Sunday, January 2, 2011

January 2 Sermon (2 Christmas)

“Wise men still seek him.”
I’ve seen this on shirts and on billboards, it reminds us of the feast of the Epiphany, of magi, wise men of the east who come seeking the Christ child. And it calls us to seek him out in our lives. They each brought their gifts: Gold, Frankincense, and Myrrh. Each a symbol. Each a connection to the life that Jesus was going to live. A life Jesus calls us to seek. And there is a legend, a story from over a century ago, that tells us about a fourth wise man, whose name was Artaban, who also sought out Jesus.

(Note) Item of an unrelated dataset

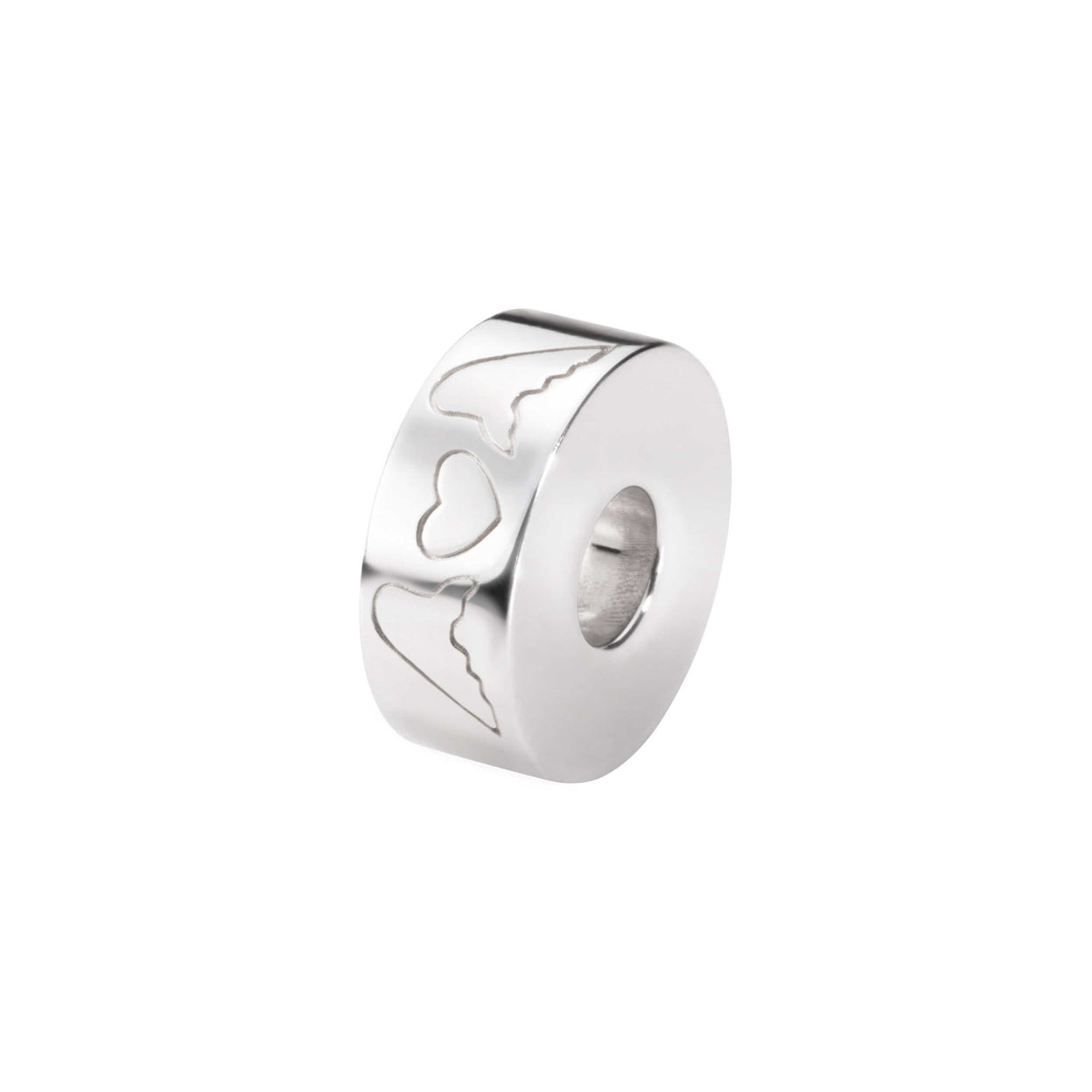 Load image into Gallery viewer, EverWith™ Self-fill Round Winged Hearts Memorial Ashes Charm Bead - EverWith Memorial Jewellery - Trade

(excerpts from “The Other Wise Man” by Henry Van Dyke, 1896)
He travelled from Persia to meet the other magi, carrying with him his gift for the new King - three precious jewels - a sapphire, a ruby and a pearl. On his way Artaban met an old Jew by the roadside, who was nearly dying from fever. He decided to stay with the sick man until he was well, he couldn’t leave him to die and so he missed the other three wise men who completed their journey to Bethlehem. The Jew told Artaban that the prophets said that the King would be born in Bethlehem . To make such a journey it was necessary to form a caravan and buy expensive supplies and equipment. So Artaban sold his costly sapphire to raise money and he set out for Bethlehem.

When he arrived in Bethlehem and made enquiries he was told that the other wise men had left 3 days before. A young mother told him that the family he was seeking had fled and that Bethlehem was in fear of King Herod. While Artaban was in the town, the soldiers arrived with orders to kill all the baby boys. The young mother was very frightened for her young son and when the captain of the soldiers ordered the child to be killed, Artaban came to the rescue and gave his ruby to the soldiers to save the boy. Artaban sought for the King for many years, although he only had one of his gifts left - the pearl.

Finally, after 30 years of searching, he came to Jerusalem at the time of the Passover. The city was buzzing with talk about the man named Jesus who claimed to be the son of God and who was to be crucified. Artaban wondered whether he could use his last jewel to save the life of this man, Jesus. But as he hurried through the streets of the city, Artaban came across a young girl who was crying. She told Artaban she was crying because she was going to be sold into slavery to pay her father’s debts. Artaban could not pass by and leave the girl for slavery. He took the pearl and laid it in the hand of the girl and said "Daughter, this is the ransom. It is the last of my treasures which I had hoped to keep for the King." While he spoke, the darkness of the sky thickened and the shuddering tremors of an earthquake ran through the ground. The houses rocked. The soldiers fled in terror. Artaban sank beside a protecting wall. What had he to fear? What had he to hope for? He had given away the last of his tribute to the King. The quest was over and he had failed.

What else mattered? The earthquake quivered beneath him. A heavy tile, shaken from a roof, fell and struck him. He lay breathless and pale. Then there came a still small voice through the twilight It was like distant music. The rescued girl leaned over him and heard him say, "Not so, my Lord; for when saw I thee hungered and fed thee? Or thirsty and gave thee drink? When saw I thee a stranger and took thee in? Or naked and clothed thee? When saw I thee sick or in prison and came unto thee? Thirty-three years have I looked for thee; but I have never seen thy face, nor ministered unto thee, my King."

The sweet voice came again, "Verily I say unto thee, that inasmuch as thou hast done it unto one of the least of these my brethren, thou hast done it unto me." A calm radiance of wonder and joy lighted the face of Artaban as one long, last breath exhaled gently from his lips. His journey was ended. His treasure accepted. The Other Wise Man had found the King.
His precious gifts for the King had been sold, or given away, to help others on his long journey and through such generosity, Artaban had worshiped his King and served him by using the gifts he had to help other people. Now its up to us, To use our gifts. To seek Christ who is still all around us. In the great words of Howard Thurman:
"When the song of the angels is stilled,
when the star in the sky is gone,
when the kings and princes are home,
when the shepherds are back with the flocks,
then the work of Christmas begins: to find the lost,
to heal those broken in spirit,
to feed the hungry,
to release the oppressed,
to rebuild the nations,
to bring peace among all peoples,
to make music with the heart”
As we remember Artaban's story in our hearts, may we radiate the Light of Christ, every day, in every way, in all that we do and in all that we say, by sharing our gifts with the world. For it is then the work of Christmas has begun in us. Amen.